There are no bad years,

As I get older, I believe there are no bad years. Years of intense learning alternate with others that seem more like leisure, but none are unsatisfying.

There are no bad years — New Year’s Reflection

I firmly believe that valuing a year has more to do with our ability to love, forgive, laugh, learn new things and challenge our egos and attachments. Considering that both suffering and the dreaded failure are nothing more than opportunities to learn, we should not be afraid of either.

It is a great challenge for us to understand that our choices in life and the way we deal with things we do not want to depend solely on the development of our will. If I don’t like my life, I will have to figure out how to change it, but I have the power to do so with enough willpower.

Let’s not forget that being happy is a choice

With these criteria in mind, I asked myself what I had to do to create a successful year because we all strive to improve every day and realize that our purpose in life is to learn to love, make a difference and be happy.

We must work on those three things daily; the question is how and I believe three things back up these statements…

Cultivate love

Growing up loving responsibility is an example of development. Work, paid or unpaid, lifts the spirit and soul and benefits our mental health.

Today, being exhausted is considered a negative trait to be eliminated rather than a privilege because it indicates that we are giving our all. We came to this planet to be exhausted.

Respecting freedom

Know how to appreciate the freedom as a tool for self-improvement and realize that being free does not mean getting what I want. Maybe we should use our freedom to do what we should while we enjoy it and then declare that we are happily exhausted so we can love more and better.

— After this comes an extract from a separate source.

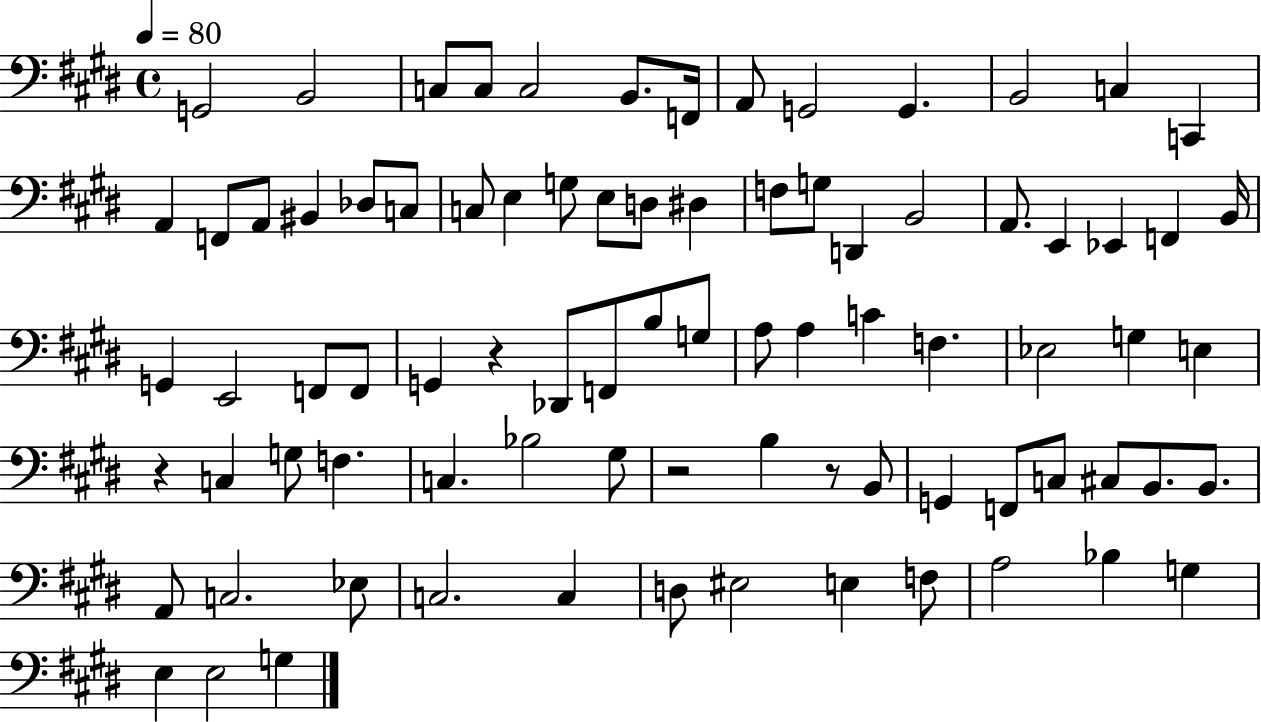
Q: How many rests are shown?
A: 4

The third and final area for improvement is willpower, the wonderful ability to postpone what you want immediately in favor of what you want more.

As a nation and as a family, we should be kind to each other and treat each other with respect. We should also smile frequently throughout the day and greet each other in the elevator, as well as security guards and bus drivers. Appreciate each other.

Our homes have to smell like food, have spoiled or even stained cushions and have a certain level of clutter that indicates there is life in them to give us warmth.

We might even say that our homes are so perfect that it seems like no one could live in them, regardless of resources. Whatever our interpretation of the spiritual, let us try to develop it. Spiritual intelligence is necessary to transcend and give purpose to our actions.

Decrease the use of technology

Try to limit the use of technology and spend more time at home conversing, playing “traditional” games, spending time with family and hanging out with friends. Value closeness, warmth and love in our families.

If we manage to address these issues – and I promise to make an effort – we will have decided to be happy. This does not absolve us of our problems, but it helps us to realize that what determines whether someone is happy or not is not the problems they face, but their ATTITUDE in dealing with them.

It is said that joys grow when they are shared. With sorrows, however, the opposite is usually true. They shrink in size.

Perhaps what happens is that our hearts get bigger when we share. Moreover, a larger heart is better protected against the internal wounds of sorrows and is better able to enjoy joys.